At the scene - Nick Bryant, BBC News
None of America's previous 43 presidents could have delivered this kind of eulogy, which sounded in parts like a sermon, in others like a state-of-the-union address and, at the end, a salvation meeting where, extraordinarily, he broke into song - Amazing Grace.
Often Barack Obama has been reticent to talk about America's racial dilemma. He has never wanted to be typecast as its first black president.
But here, in one of the most memorable speeches of his presidency, it sounded like he was almost ventriloquizing the Reverend Dr Martin Luther King.
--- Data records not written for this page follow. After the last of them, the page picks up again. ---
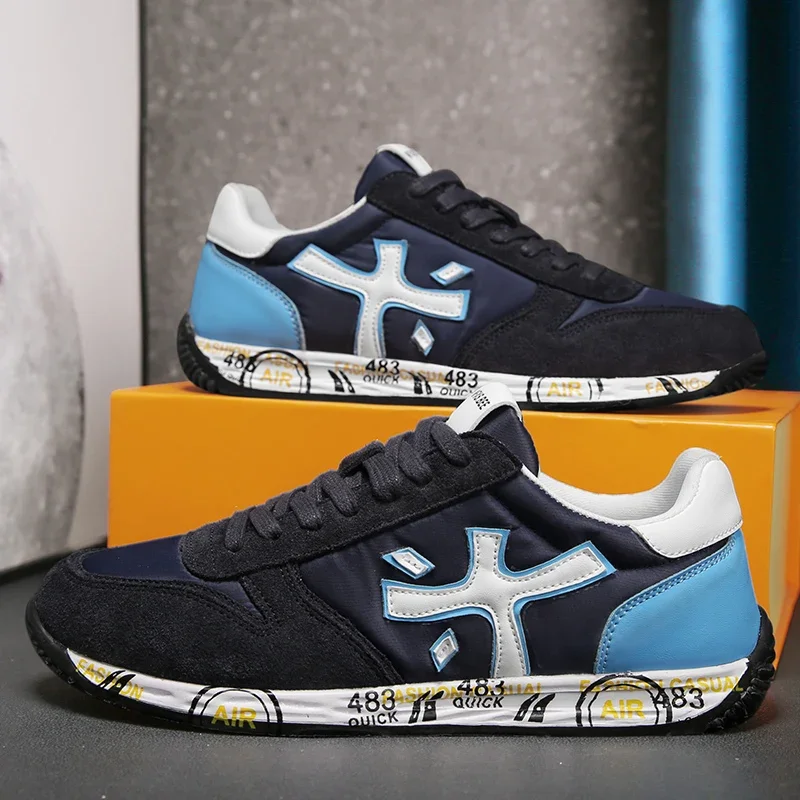 

Hot sale Brand Blue Mens Fashion Casual Sneakers Hip Hop Designer Men's Shoes Flat Trainers Comfort Sports Shoes Man Sneakers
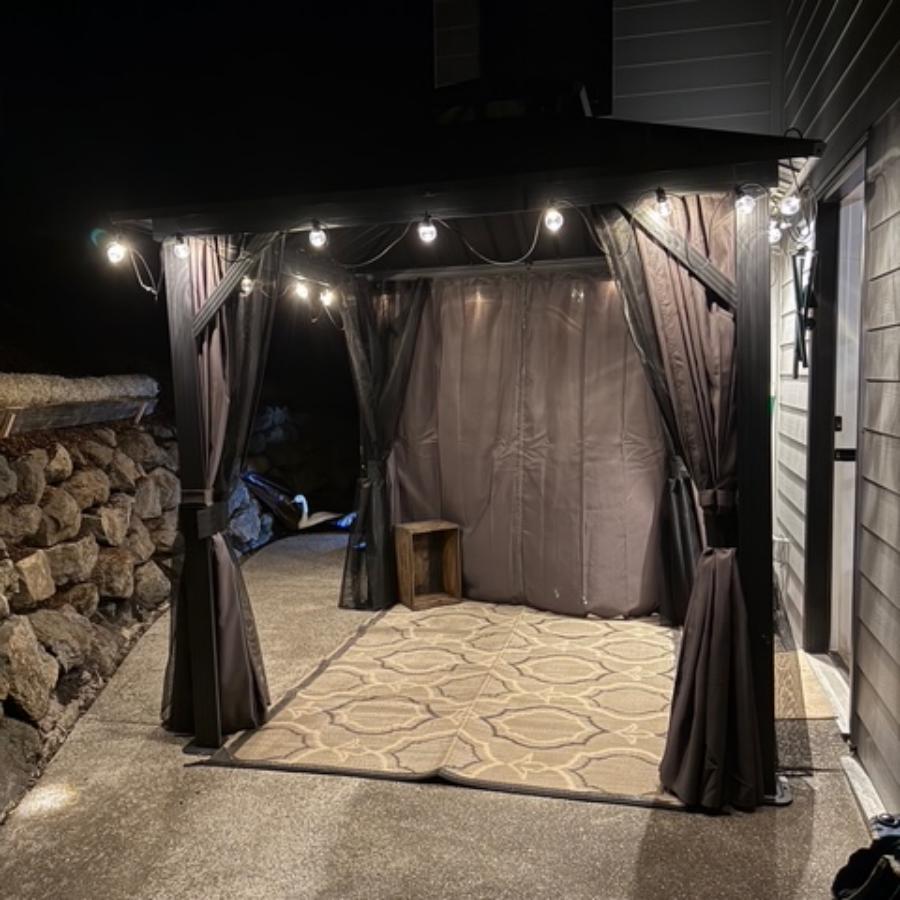 PURPLE LEAF Hardtop Tuinpaviljoen Essential met Neutraal Witte Verlichting, Gegalvaniseerd Stalen Dak, Aluminium Frame, Gordijnen en Klamboe – Grijs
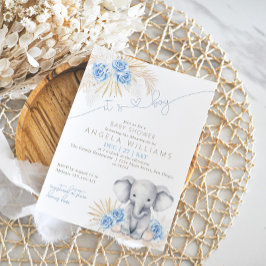 Convite Elefante É um Chá de fraldas Safari Boho Floral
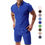 Thumbnail: Men's Short Sleeve Shorts Casual Suit Summer Waffle Solid Colour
This was perhaps his most expansive elucidation of the race issue to date.
Carrying out a kind of national audit, he spoke powerfully of the legacy of slavery and segregation and dealt with the unfinished business of the civil rights movement: a criminal justice system that often appears to unfairly punish blacks, racial discrimination in the workplace, poverty, education, and voting rights which once more seem at peril.
This was Barack Obama as the preacher president.
Dylann Roof, the 21-year-old suspected gunman in custody, has been photographed holding the flag.
Mr Obama said a flag did not cause the murders, but the country was ignoring the pain it caused.
The president was accompanied in Charleston by First Lady Michelle Obama, Vice-President Joe Biden and his wife Jill.
Former secretary of state and 2016 presidential candidate Hillary Clinton was in attendance as well.
Mr Obama delivered lengthy remarks, garnering applause and cries from the audience as he spoke in a preaching, rousing style.
"[Clementa] understood that justice grows out of recognition of ourselves in each other," Mr Obama said. "My liberty depends on you being free too."
In making a moral choice to change the tide of gun violence, the US will express God's grace, he said.
He touched on the way racial bias effects how young black people get jobs, go to school and vote.
Addressing the families of the victims, Mr Obama said the nations shares in their grief.
"Our pain cuts that much deeper because it happened in a church," he said.
The alleged killer Dylann Roof was "blinded by hatred" and could not see the grace of the churchgoers, who welcomed him openly into their prayer circle.
"The alleged killer could not imagine how the city of Charleston and the US would respond, with revulsion at his evil act," Mr Obama said.
The first two funerals, for Ethel Lance and Sharonda Coleman-Singleton, were held on Thursday.
South Carolina Governor Nikki Haley, Charleston Mayor Joe Riley, the Reverend Jesse Jackson and the Reverend Al Sharpton were in attendance.